Paul knew all about repeating himself. As he traveled throughout the known world, preaching sermons, planting churches, and writing letters, he told and retold the gospel message. Only heaven will reveal exactly how many times Paul proclaimed “Christ and him crucified” (1 Cor. 2:2).
In particular churches, he also had to review lessons that congregations had forgotten or ignored—or that were especially important. With the Corinthians, he repeated the basics of the Christian faith (see 1 Cor. 3:1–2). With the Galatians, he issued multiple warnings against listening to false teachers (see Gal. 1:9). And with the Philippians, he commanded them four times in the space of four chapters to “rejoice!” (Phil. 2:18; 3:1; twice in 4:4).
Paul’s letters are filled with things he had already said. But, unlike me, he doesn’t repeat himself through gritted teeth.
So, what can we learn from Paul’s example that can help us become patient parents?
Keys to Patience
First, in Philippians 3:1, Paul writes that repeating himself is “no trouble.” This is surprising because our impatience often stems from the fact that repeating ourselves seems like a great deal of trouble. To regularly remind my kids to make their lunches, brush their teeth, and do their homework usually feels like a burden—and not a trifling one.
But Paul shows us that out of love for others, being patient should not be an imposition. Jacob labored seven years for Rachel, and “they seemed to him but a few days because of the love he had for her” (Gen. 29:20). Paul yearned for the Philippians “with the affection of Christ Jesus” (Phil. 1:8), so it didn’t bother him to repeat himself a few times. We ought to value our kids so much that saying the same things again and again is no big deal.

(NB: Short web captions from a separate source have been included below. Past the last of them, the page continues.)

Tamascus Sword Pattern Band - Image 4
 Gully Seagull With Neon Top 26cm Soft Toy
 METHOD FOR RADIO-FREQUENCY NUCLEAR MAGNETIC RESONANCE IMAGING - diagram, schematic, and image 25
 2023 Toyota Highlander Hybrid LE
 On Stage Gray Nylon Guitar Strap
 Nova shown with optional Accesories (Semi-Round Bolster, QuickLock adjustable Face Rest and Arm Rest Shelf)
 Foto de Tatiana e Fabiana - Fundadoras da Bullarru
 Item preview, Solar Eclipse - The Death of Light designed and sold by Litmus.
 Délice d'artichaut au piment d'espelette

Out of love for others, being patient should not be an imposition.
Second, Paul says that his repeated exhortation is “safe for you” (Phil. 3:1). Paul recognized that he could do great good to the Philippians simply by being patient with them. Similarly, our patient words to our kids can encourage their hearts, equip them with truth, spur them to obedience, and point them to Christ.
To daily and gently remind my kids to be kind, to work hard, and to look to Christ is not incidental. I have to remind them because they—like me—are prone to forget. When I say it again, it shepherds their souls to a place of safety.
Jesus, the Patient Parent
Ultimately, the patient “parenting” of Paul mirrors that of Jesus, of whom Isaiah prophesied, “a bruised reed he will not break, and a faintly burning wick he will not quench” (Isa. 42:3). If God had not been long-suffering with us, we would have been instantly consumed by his wrath.
Jesus has done all these things as if they were “no trouble” to him because they are safe for us, his beloved children.
But, as it is, our Lord has borne patiently with us: forgiving our sins, giving his Spirit to us, hearing our prayers, and instructing us in his Word again and again. He has done all these things as if they were “no trouble” to him because they are safe for us, his beloved children.
And so, in Christ, I can field regular questions about snacks and repeated reminders about family worship with grace. To say the same things to my precious kids is really no trouble for me, and it is safe for them.